Subject Areas: Biodiversity, Evolutionary Studies, Genomics, Plant Science, Population Biology
Keywords: Tordyliinae, Chloroplast genome, Tetrataenium candicans, Phylogeny, Structural variants, DNA barcodes

Copyright: © 2019 Kang et al.
Licence: This is an open access article distributed under the terms of the Creative Commons Attribution License, which permits unrestricted use, distribution, reproduction and adaptation in any medium and for any purpose provided that it is properly attributed. For attribution, the original author(s), title, publication source (PeerJ) and either DOI or URL of the article must be cited.

Cite this article: Kang L, Xie D, Xiao Q, Peng C, Yu Y, He X. 2019. Sequencing and analyses on chloroplast genomes of Tetrataenium candicans and two allies give new insights on structural variants, DNA barcoding and phylogeny in Apiaceae subfamily Apioideae. PeerJ 7:e8063 https://doi.org/10.7717/peerj.8063

The authors have chosen to make the review history of this article public.

Abstract

Background

Tetrataenium candicans is a traditional Chinese folk herbal medicine used in the treatment of asthma and rheumatic arthritis. Alongside several Tordyliinae species with fleshy roots, it is also regarded as a substitute for a Chinese material medicine called ‘Danggui’. However, a lack of sufficient sampling and genomic information has impeded species identification and the protection of wild resources.

Methods

The complete chloroplast genomes of T. candicans from two populations, Tetrataenium yunnanense and Semenovia transilliensis, were assembled from two pipelines using data generated from next generation sequencing (NGS).

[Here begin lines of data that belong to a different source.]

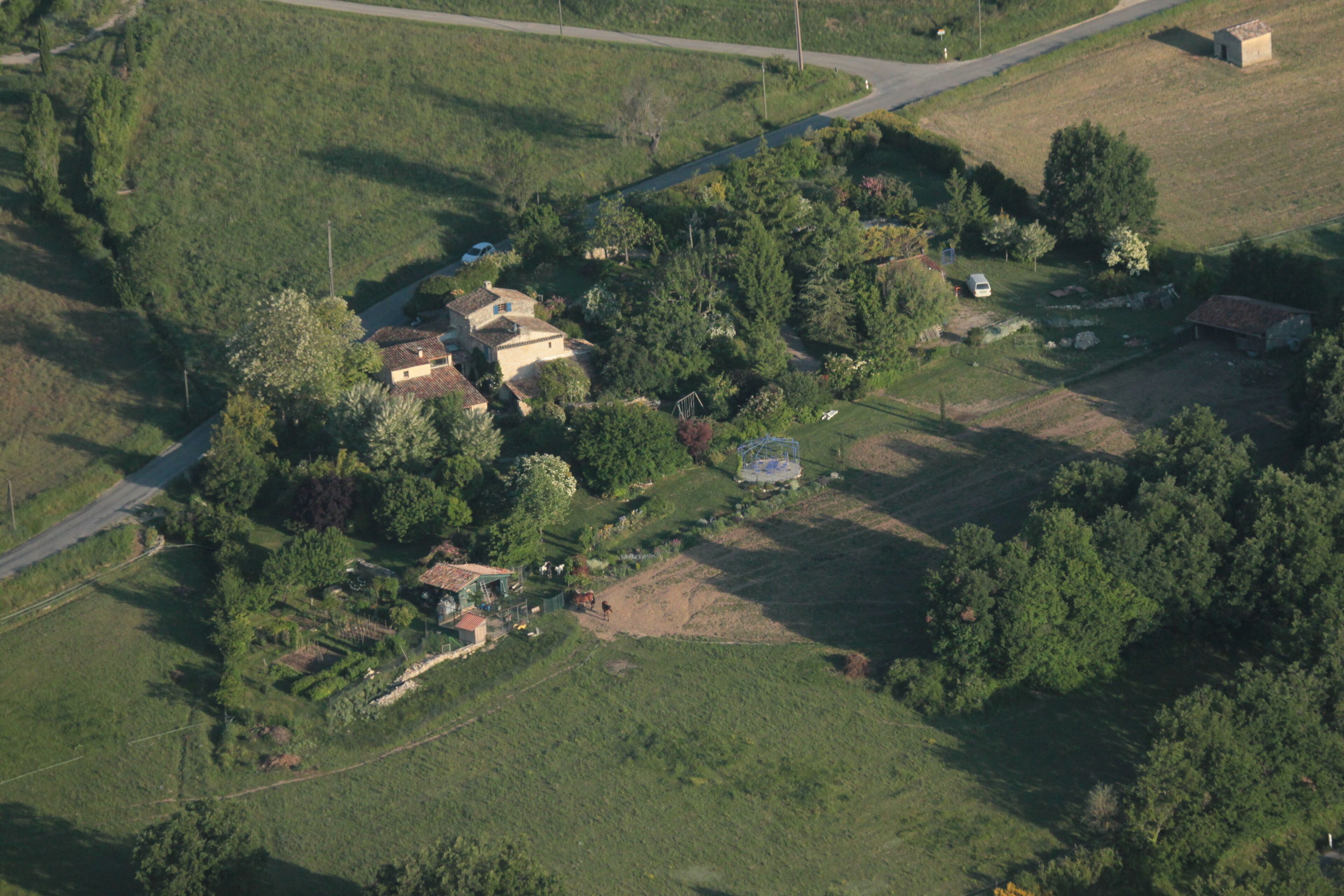 Vista aérea de una zona rural con casas dispersas, una pequeña masa de agua y una carretera.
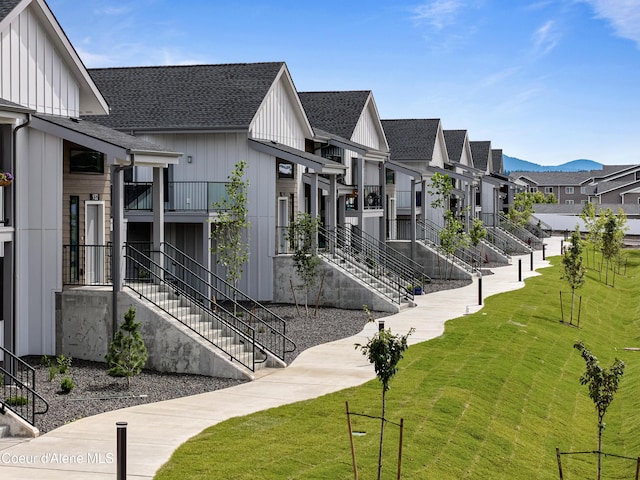 view of community featuring a mountain view and a yard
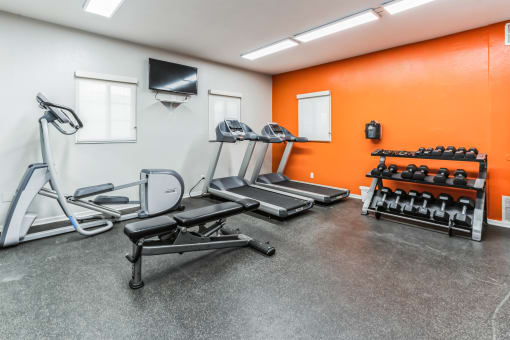 a workout room with weights and a tv in the corner at Vista Linda, Santa Fe, New Mexico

Pseudogenes, inverted repeats (IRs) and hyper-variable regions were located by Geneious 11.1.5. Repeat motifs were searched using MISA and REPuter. DNA polymorphism and segment screening were processed by DNAsp5, and PCR product was sequenced with Sanger’s sequencing method. Phylogeny was inferred by MEGA 7.0 and PhyML 3.0.

Results

The complete chloroplast genomes of T. candicans from two populations, T. yunnanense and S. transilliensis, were 142,261 bp, 141,985 bp, 142,714 bp and 142,145 bp in length, respectively, indicating conservative genome structures and gene categories. We observed duplications of trnH and psbA caused by exceptional contractions and expansions of the IR regions when comparing the four chloroplast genomes with previously published data. Analyses on DNA polymorphism located 29 candidate cp DNA barcodes for the authentication of ‘Danggui’ counterfeits. Meanwhile, 34 hyper-variable markers were also located by the five Tordyliinae chloroplast genomes, and 11 of them were screened for population genetics of T. candicans based on plastome information from two individuals. The screening results indicated that populations of T.candicans may have expanded. Phylogeny inference on Apiaceae species by CDS sequences showed most lineages were well clustered, but the five Tordyliinae species failed to recover as a monophyletic group, and the phylogenetic relationship between tribe Coriandreae, tribe Selineae, subtribe Tordyliinae and Sinodielsia clade remains unclear.

Discussion

The four chloroplast genomes offer valuable information for further research on species identification, cp genome structure, population demography and phylogeny in Apiaceae subfamily Apioideae.

Introduction

Subtribe Tordyliinae is an Apiaceae lineage in the tribe Tordylieae whose species are characterized by enlarged radiant outer petals and dorsally compressed fruits, with more than 15 incorporated genera (Fu, 1981; Xiao, 2017). Tetrataenium candicans var. candicans (Wall. ex DC.) Manden. is a perennial Tordyliinae herb endemic to the Qinghai-Tibet Plateau (QTP) and adjacent regions. They typically grow on sunny slopes and forest edges at elevations of about 2,000 to 4,200 m, with dense white pubescence on the back side of leaves and prominent fruit ridges distinguishing them from other allied species (Fu, 1981). Our survey of the Chinese Materia Medica resource inventory in Sichuan, Yunnan, Tibet and Qinghai province showed that T. candicans was a common herbal medicine used to treat asthma and rheumatic arthritis. Moreover, alongside some Tordyliinae species with fleshy roots, it has been also widely used as a substitute for ‘Danggui,’ a traditional Chinese medicine that was first recorded in “Shen Nong’s Herbal Classic” in about AD 200 to be used in blood enrichment and the treatment of pulmonary diseases. However, since the misuse of the active ingredients in this species might cause severe side effects (Sondhiaa et al., 2017; Zhang, Wang & Hu, 2001), the Chinese Pharmacopoeia Commission (2015) has restricted ‘Danggui’s’ origin plant to Angelica sinensis (Oliv.) Diels only. Additionally, the long growth cycle and over-exploitation of wild individuals used for medicinal and economic purposes has menaced the existence of T. candicans (Joshi & Dhar, 2003). Less attention was given to discriminate among the counterfeit ‘Danggui’ plants (especially from the subtribe Tordyliinae), which also delayed research on the drug’s safety and discovery.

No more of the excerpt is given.